Here we use genome-resolved metagenomics coupled with statistical and machine learning approaches to investigate the gut resistome of 107 longitudinally sampled premature infants. We show that certain antibiotic resistance genes in particular genomes affect how clinical factors influence the gut microbiome and, in turn, how the antibiotic resistance capabilities of a gut organism influence its growth and relative abundance.
Results and Discussion
Antibiotic resistance of the premature infant microbiome
107 premature infants were longitudinally sampled during the first three months of life, resulting in a total of 902 samples that were sequenced and analyzed. All 107 infants received gentamicin and ampicillin during the first week of life, and 36 of those infants received additional antibiotics in the later weeks due to disease (Table 1). All samples were subject to Illumina short-read shotgun sequencing and the sequence data assembled using idba-ud (see methods for details). Resfams26 annotations of predicted amino acid sequences from the resulting scaffolds revealed that the most abundant resistance mechanisms were resistance-nodulation-division (RND) efflux pumps and ATP-binding-cassette (ABC) transporters (Fig 1). A slight, yet significant, decreasing trend in total antibiotic resistance potential is observed over time (p < 0.005). During the first week of life, empiric antibiotic therapy perturbs the microbiome though selection for antibiotic resistant organisms. This is consistent with prior results showing temporarily elevated resistance gene levels after administration of antibiotics17. Microbial community recovery begins following this period.
Formula feeding influences the gut resistome through strain-level selection
Permutational multivariate analysis of variance (PERMANOVA) tests, which discern and isolate the effects of factors through partitioning of variance27, were performed to investigate the effect of feeding regimen, delivery mode, gender, maternal antibiotics, and the infant’s current antibiotic therapy on the resistome. Tests were performed on the resistomes of samples taken at weeks two, four, and six (see methods for details). At week two, formula-fed infants did not have a significantly different distribution of antibiotic resistance genes compared to infants that received breast milk. However, a difference was detected at weeks four and six (p < 0.05), accompanied by an increase in effect size as assessed by PERMANOVA F-statistic (Table S1). This signals divergence of the resistomes of formula-fed and breast-fed infants over time. Interestingly, other factors such as birth mode and antibiotic administration were not associated with a significant difference in resistance gene distribution.

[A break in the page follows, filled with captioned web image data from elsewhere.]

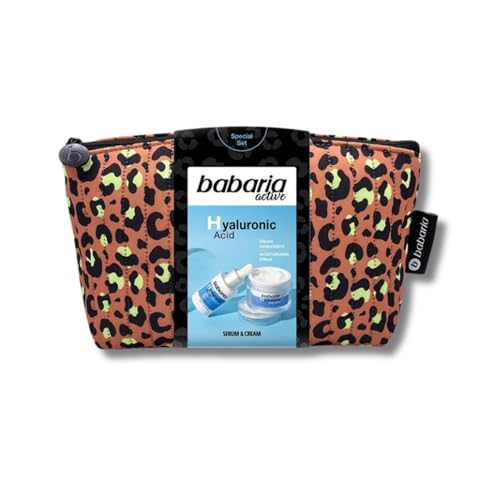Babaria - Pack Cremas Mujer Regalo | Crema Hidratante Cara Acido Hialuronico | Crema Cara 50ml, Serum Facial Mujer 30 ml | Hidratante Facial | Cremas De Día y Noche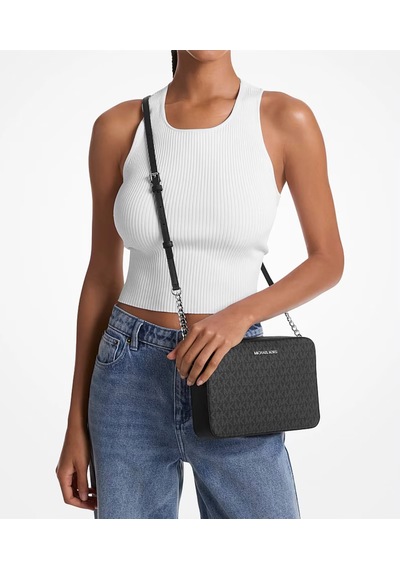 Michael Kors Jet Set Large Logo Crossbody Çapraz Omuz Çantası 35f8sttc3b Siyah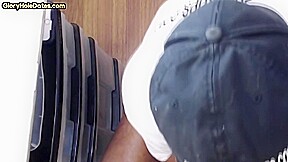 Gloryhole BJ DILF sucks cock till cum in mouth ending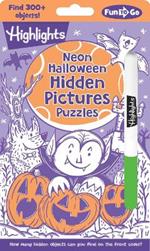 Neon Halloween Hidden Pictures Puzzles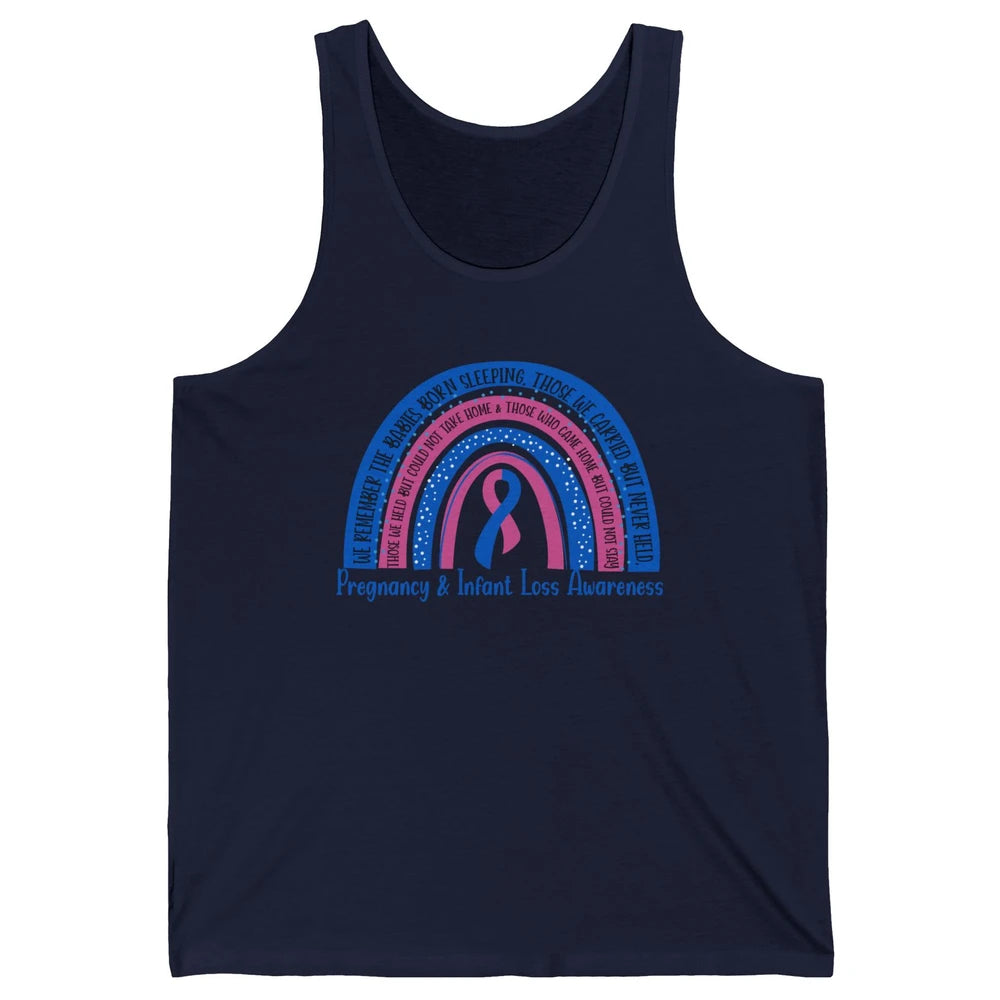 Pregnancy Infant Loss Awareness Rainbow Remember The Babies Unisex Jersey Tank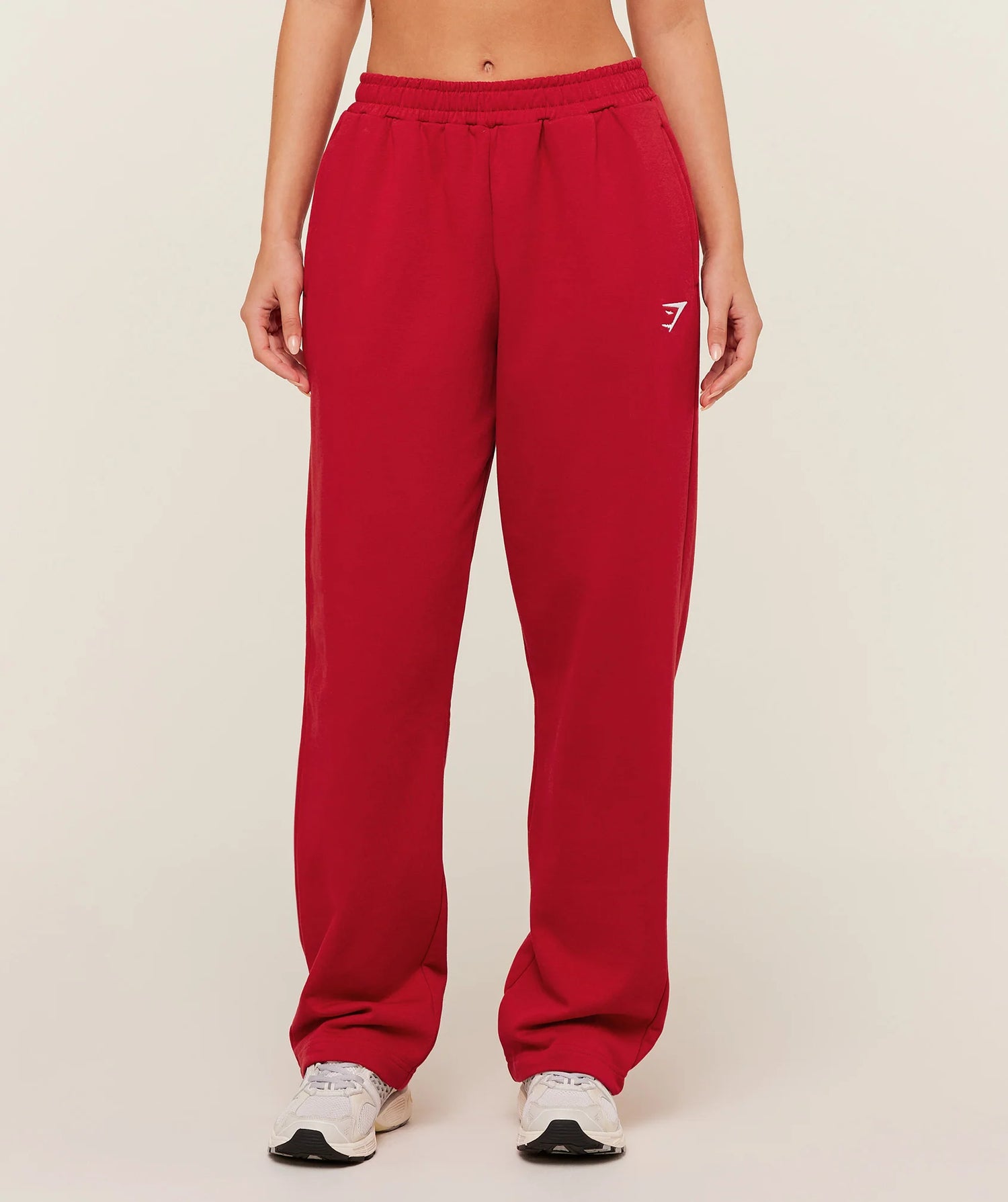 Training Fleece Straight Leg Jogger - Carmine Red
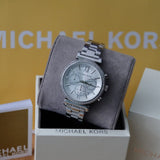 Michael Kors Sofie Quartz Silver Dial Silver Steel Strap Watch For Women - MK6575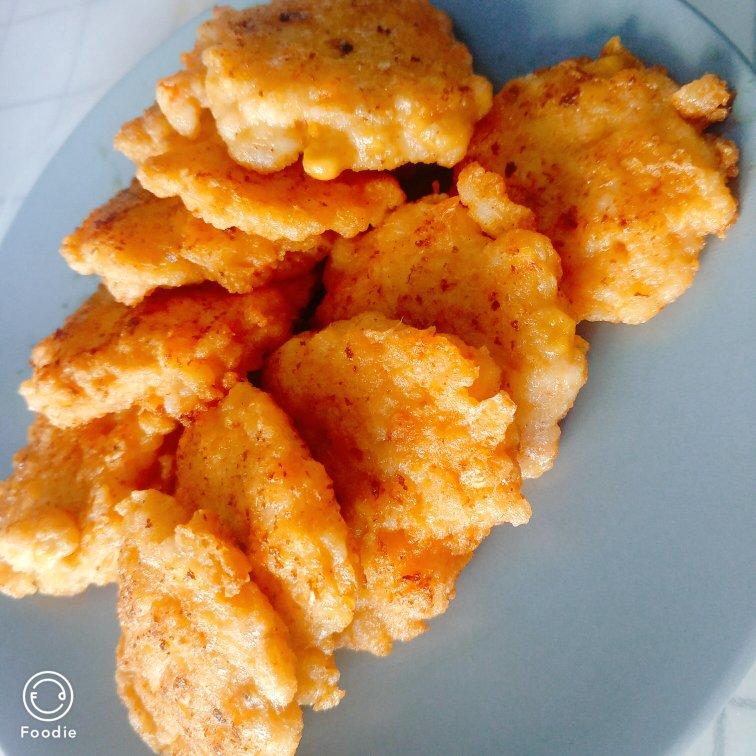 胡萝卜鲜虾饼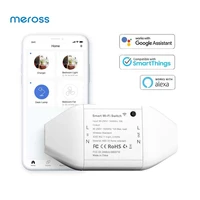 meross wi fi diy smart switch wireless remote control smart home light module voice control for alexa google home smartthings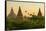 Myanmar. Bagan. Hot Air Balloons Rising over the Temples of Bagan-Inger Hogstrom-Framed Stretched Canvas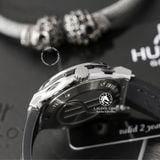 Đồng Hồ Hublot Classic Fusion 33mm Rep 1:1 Chế Tác Titanium Pavé Diamonds Mặt Số Đen Dây Da 581.NX.1171.LR.1704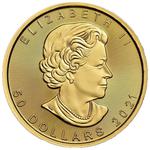 Gold Ounce 2021 Maple Leaf: Photo Coin, Canada, Gold Ounce 2021 Maple Leaf / thumbnail
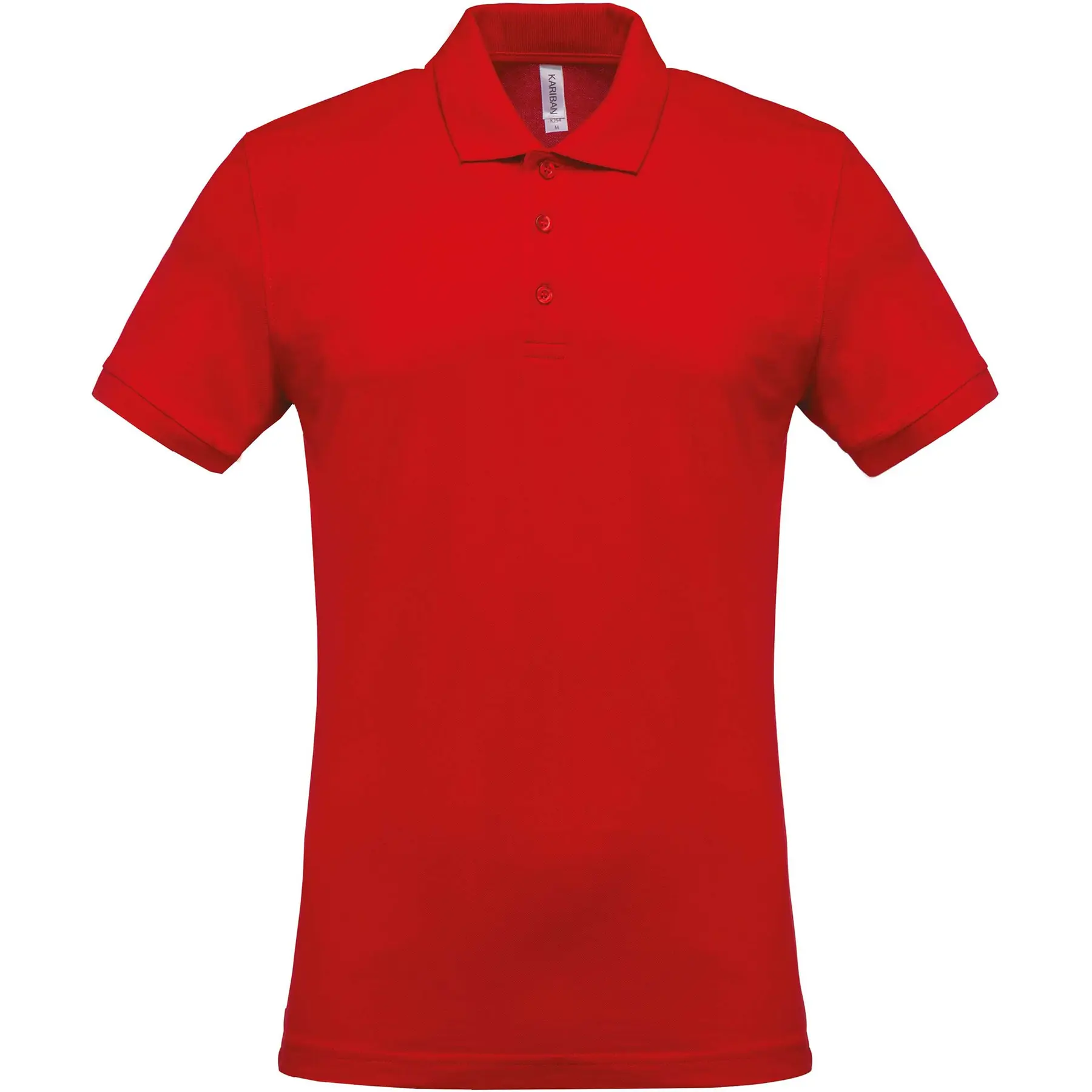Kurzärmeliges Polo-Shirt Kariban Piqué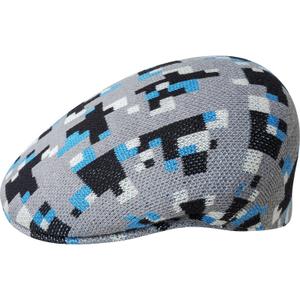 k3577-gb036-beret-kangol-pixel-plaid-504-grey-black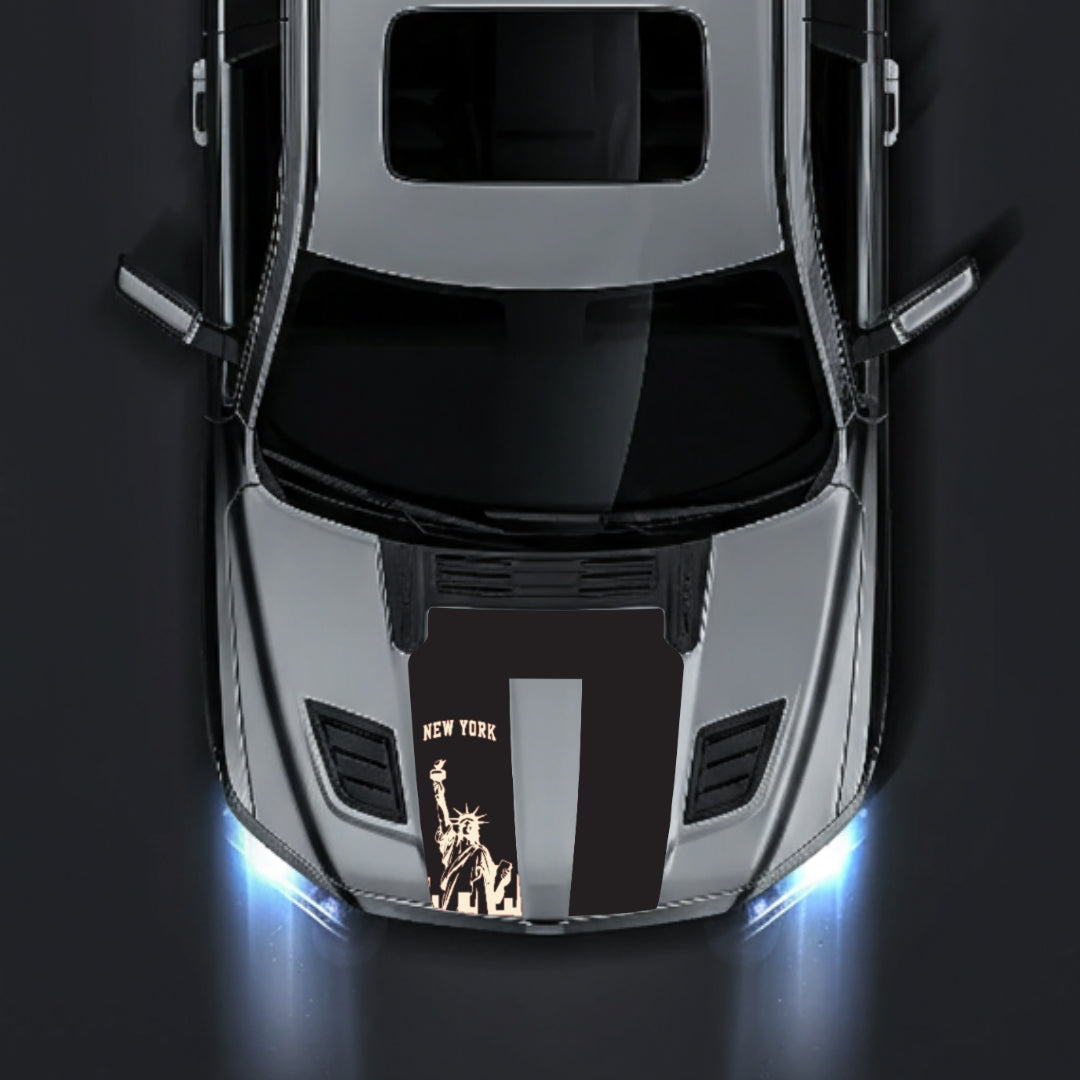 Hood Panel Decal/Sticker - New York Graphic Kit - For Dodge RAM 1500 2019-2025 - Premium Vinyl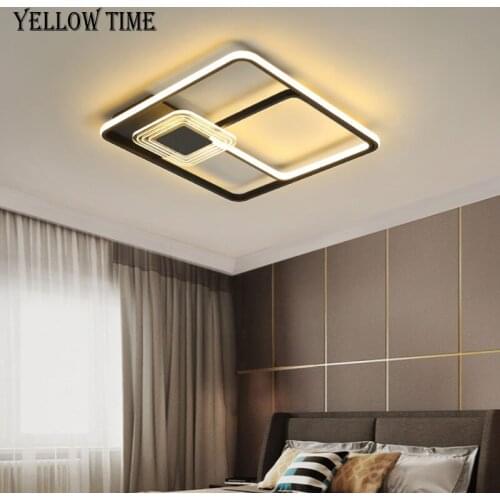 Square&Round Ceiling Lamp Modern LED Ceiling Chandelier Light For Living room Bedroom Dining room Kitchen Home Lighting Fixtures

Random forest models were used to classify resistomes as either belonging to a formula-fed baby or a breast-fed baby, and we used the trained model’s feature importance scores to select resistance genes for further study (Table 2). One out of the four selected resistance genes was significantly associated with a feeding group: Class D beta-lactamase was enriched in formula-fed infants (p < 0.05) (Fig 2A). The mexX gene, which encodes for an efflux pump subunit, exhibited a comparatively higher feature importance score, but there was no significant difference in its abundance between feeding groups (Table 2). This suggests that the oft-used practice of utilizing feature importance scores of random forests or other machine learning ensemble methods to identify markers of differences between groups28-30, although potentially informative, may not necessarily rank features in the order that most meaningfully reflects their contributions. This is likely due to a preference for correlated predictor variables31.
Genome-resolved analysis revealed that Class D beta-lactamase genes are most frequently carried by Clostridium difficile. Of the 67 C. difficile genomes in the dereplicated dataset, 38 of these organisms harbor a Class D beta-lactamase gene. Phylogenetic analysis reveals that these 38 organisms are very closely related (Fig 2B). To ascertain if this C. difficile strain is involved in the enrichment of Class D beta-lactamase in the formula-fed infant gut resistome, the relative abundance of C. difficile with and without a Class D beta-lactamase gene in the gut microbiome of breast-fed and formula-fed infants was assessed. In infants that only receive formula, C. difficile with Class D beta-lactamase is consistently more abundant than C. difficile lacking this gene; while in infants that receive breast milk, both types of C. difficile are low in relative abundance (Fig 2C). Prior studies have reported an increased abundance of C. difficile in the gut microbiomes of formula-fed infants15, but here we reveal that formula feeding selects for a particular C. difficile strain.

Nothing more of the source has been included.